By Steve Papale
I don’t need to speak on the dangers of drinking and driving. But I have to say, I saw a video the other day that I could hardly believe. Taken from a police car in a community not too far from me in Illinois, a car was driving along on a fairly busy street with a, get this, a tree stuck to her hood. It was not a branch or a twig laying on top of the hood but a tree in the upright position somehow lodged into the grille all the while the driver, a 54 year old woman, drove the car. Needless to say, she was pulled over and failed her breathalyzer test. Some of this stuff just gets weirder and weirder.
Last week we talked a little about the concept of parity. And how parity is closely tied to synthetics, which is the principle that options and stock can be combined to create a like product. For example, I can buy a call and sell stock in proportion to create a synthetic long put. It will behave and have the same risk/reward characteristics as a outright long put.

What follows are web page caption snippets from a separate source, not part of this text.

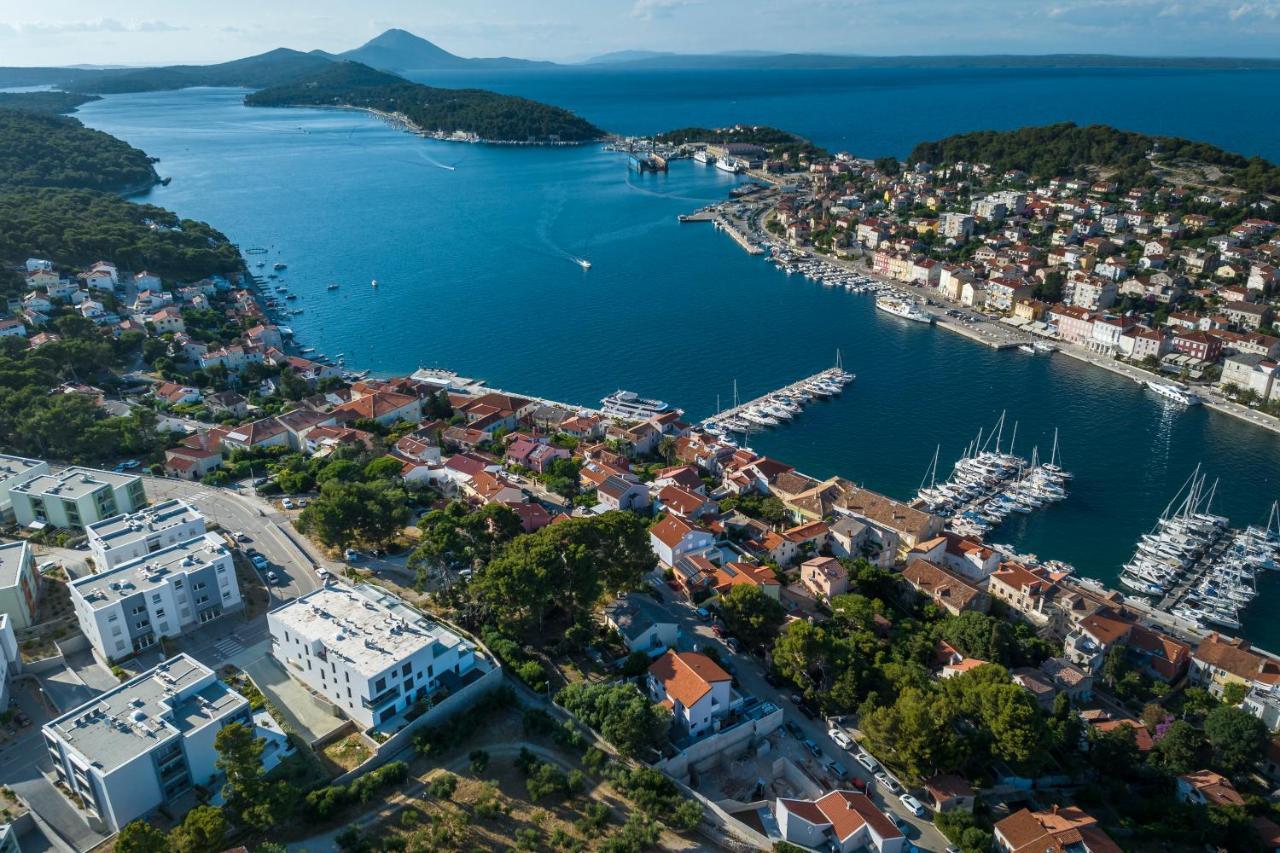 Apartments Tony Mali Lošinj Exteriör bild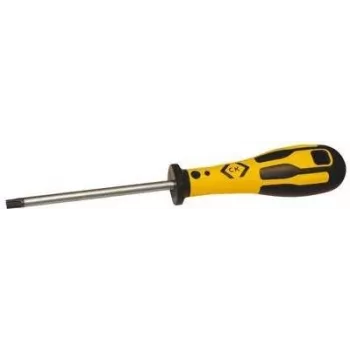 Destornillador c.k tools Dextro T49117-10 Torx T10, longitud de hoja 80 mm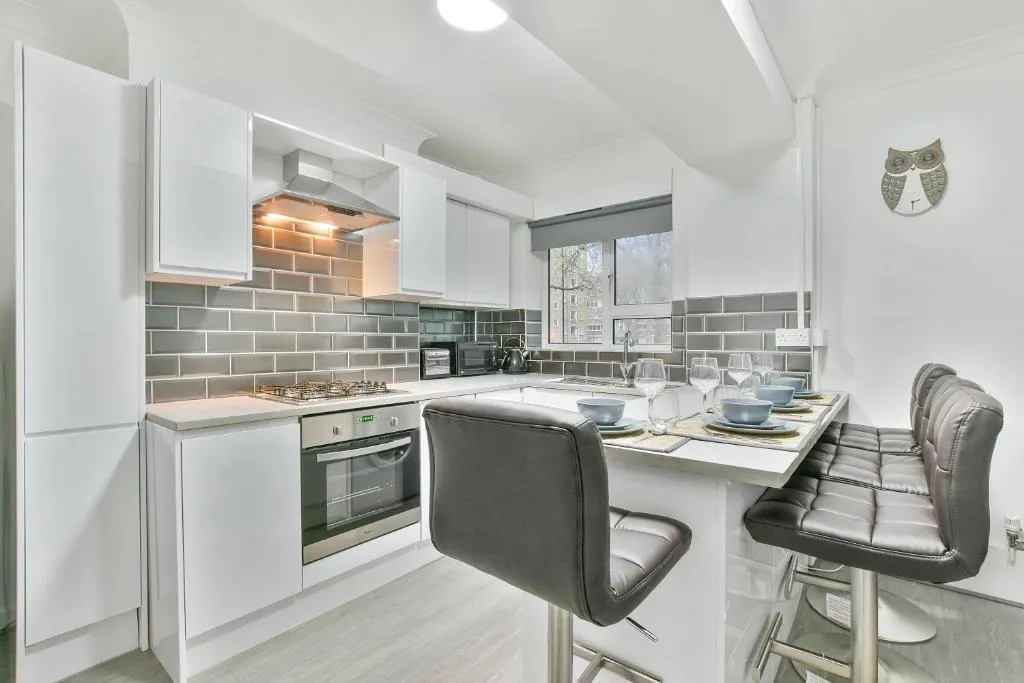 Image 1 of London Euston 2 Bedrooms Apartment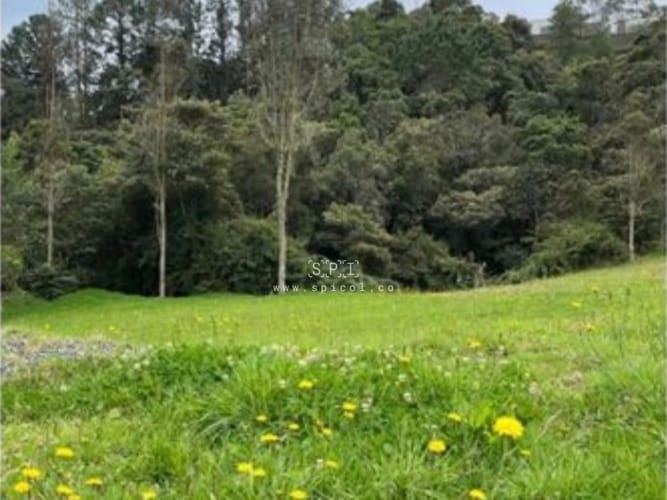 Lote en venta en Loma Del Esmeraldal, Envigado, 1705 m² · foto 8 de 9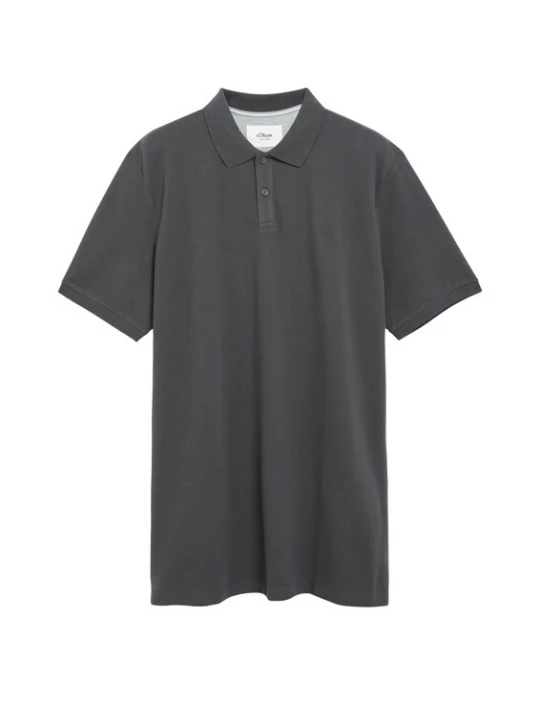 Foto van product s.Oliver Shirt antraciet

In trading, if there is a mispricing between two like products, an opportunity exists to buy the cheaper and sell the expensive called an arbitrage. Outside of a pure scalp, which is buying and then quickly selling the same product, it is the most risk free way of making money. In the old days where markets were a bit more inefficient, arbitrage opportunities were fairly common but today with mature and efficient markets they are rare. But they do frequently appear to show up but in reality they are not real. Let me explain.
Every quarter a few days ahead of ex dividend day, the options market begin to incorporate the dividend into the pricing of the options. Only shares of stock purchased before ex dividend date will shareholders be able to receive the dividend. On ex dividend date the stock typically discounts the dividend payment amount from the price of the stock. Obviously there are other factors affecting the price of a stock but everything else equal, the stock will drop in price by the amount of the dividend on that day even though the actual payment date is later.
The other day WMT was 2 days before it’s ex dividend date. The quarterly dividend was $0.50 with the stock trading around $67. Looking at the synthetics in the front month options however, the calls and puts were pricing the stock around$66.75. It appeared that there was an arb sitting there. It looked like someone could buy 1 Mar 65 call and sell 1 Mar 65 put and based on the prices could create +100 shares of WMT for $66.75. By then selling 100 shares of WMT in the market for $67 it looked like there was a risk free arb for $0.25. However, as they say “there is no free lunch”. This strategy means being short 100 shares of WMT which means the seller is on the hook for the dividend, in this case $0.50. Taking in account the dividend payment, what looked like a $0.25 winner turns into a $0.25 loser. Bottom line: rarely is there free money sitting around. If you spot something that looks like an easy arb double and triple check the ex dividend date, the option prices and that your math is correct. And if it stays around for more than 5 seconds, don’t trade it. It will end up costing you money.